Repository Dataset DOI Dataset
Figshare 10.6084/m9.figshare.16685497 XML
Zenodo 10.5281/zenodo.5511966 XML
Imperial College 10.14469/hpc/9031 XML
Harvard Dataverse 10.7910/DVN/4BWOYK XML
Mendeley Data 10.17632/dgtvds3xn5.1 XML
ScienceDB 10.11922/sciencedb.01522 XML

I would note that manual deposition can be rather dependent on how fastidious the depositor is and how they interpret the descriptive keywords that Figshare and Zenodo accept. Automated deposition is a more controlled process, in which the required keywords are a property programmed into the submitting portal tool. Such a process also allows metadata to describe relationships between different datasets, such as a dataset collection, and is inherited from project descriptor on the portal. Additionally, the automated process can then be augmented by manual editing of the metadata record, as for example, the addition of the DOI for this descriptive post which can be added to the metadata records retrospectively. In the case of e.g. Zenodo, retrospective changes to the metadata record require a new DOI to be generated to reflect the changes. 

You can inspect the results of these three depositions yourself by downloading the respective metadata records and viewing the downloaded file using a simple text or XML editor. 

  1. All the first three repositories contain the ORCID of the depositor, as e.g. from Figshare:
    <creatorName>Rzepa, Henry S.</creatorName> 
    <givenName>Henry S.</givenName> 
    <nameIdentifier nameIdentifierScheme="ORCID" schemeURI="https://orcid.org">

    The widespread addition of the unique ORCID researcher identifier is very welcome.

  2. The more interesting component is keyword metadata, populated manually in Figshare and using the automated API in the other two repositories.
    1. Below is the Figshare metadata entry, which displays the assigned categories (from a controlled list) in the <subject> container:
          <subject>Computational Chemistry</subject>
          <subject>Organic Chemistry</subject>
          <subject subjectScheme="Fields of Science and Technology (FOS)" schemeURI="http://www.oecd.org/science/inno/38235147.pdf">FOS: Chemical sciences</subject>

      The context of these keywords is clearly defined by the value of the subjectScheme (chemical sciences) but this term is very broad and does not relate very specifically to the deposited data.
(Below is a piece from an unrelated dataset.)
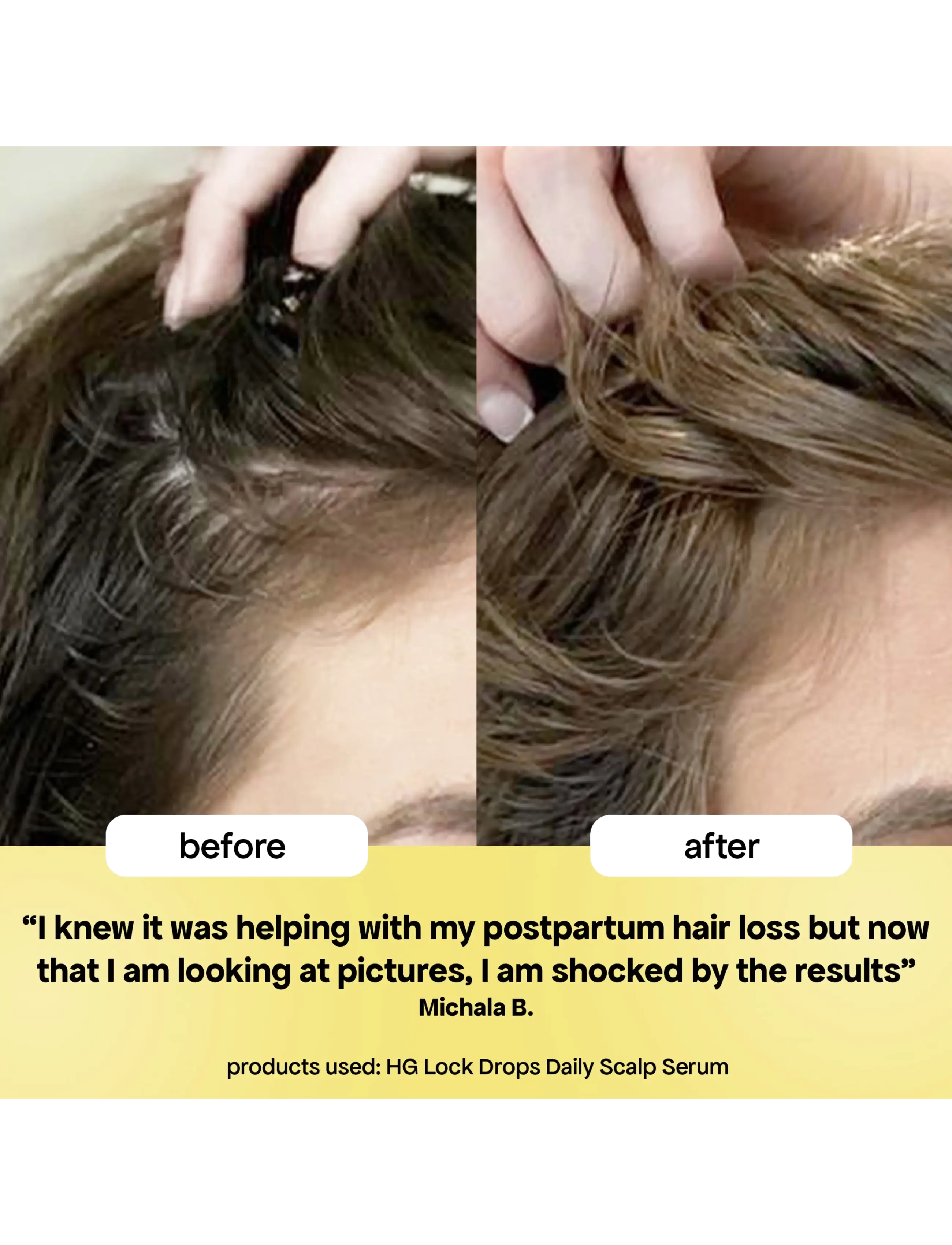 Bondi Boost - HG Lock Drops For Thinning Hair - hår - clear - 4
The more chemically specific keywords themselves are only displayed on the landing page for the entry as shown below and are not expressed in any metadata container, which means that they are not indexed and hence searchable using the DataCite metadata store.

    2. Zenodo interpret this differently, with the keywords now included in the <subject> container.

      However, you might be wondering what the keyword -1705.490787 is all about. Put simply, in this form of expression it has absolutely no context. I previously explained why it might be useful if context is added, it being a persistent identifier for (some) quantum chemical calculations in the form of a computed total energy corrected thermally into a Gibbs energy. The persistence in this case is acquired not by registration with an agency but generation by an algorithm. That algorithm in turn would require additional metadata for its specification, but that is something I will not address in this post. At any rate, because it is part of the metadata record, it is search-enabled in the Zenodo version.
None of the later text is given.